Announcement

Collapse
No announcement yet.
X
  • Filter
  • Time
  • Show
Clear All
new posts

  • Saving and/or Deleting File Issues

    I have been running a loop to import csv files, keep some observations and save this reduced subset in .dta format.
    The data in quarterly (1995_1 to 2016_1) with three types of files for each individual quarter (coupon, ticket and market) that I merge based on unique identifier.
    Since the extracted raw data is large (271 GB), my loop instructs Stata to keep only the merged files (erase the interim files).

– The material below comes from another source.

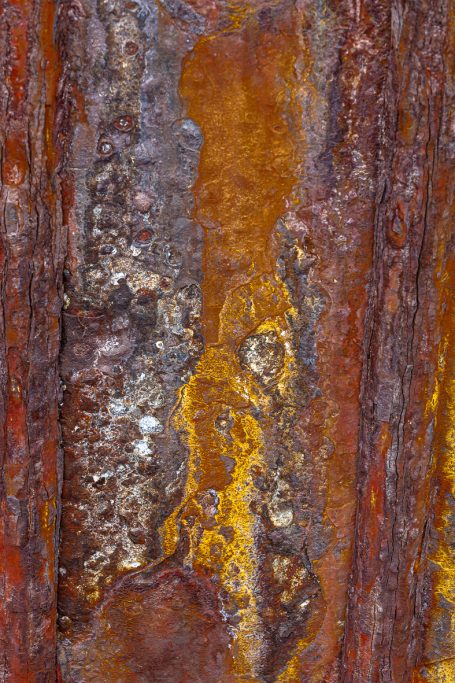 Rost 05 Detailreiche rostige Metalloberfläche mit erdigen Farbtönen und strukturierten Mustern.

    I get myraid errors while running the loop, most common are -
    1. "The request could not be performed because of an I/O device error r(691);"
    My individual files for each quarter are roughly 800 MB, 300 MB and 500 MB. I am using an external hard disk - Seagate (500 GB) Portable Drive. Going to the properties tab shows me I still have 80 GB of free space. Furthermore, I have deleted files to create space but the error persists. I have tried checking if there are issues with my harddisk but it seems unlikely. Also, I am able to import files from the hard disk without much issues at times, though I have come across "Data error (cyclic redundancy check)" at times too.

    2. When I tried saving the files in a different harddisk, I get errors like "file coupon_1996_3.dta cannot be modified or erased; likely cause is read-only directory or file".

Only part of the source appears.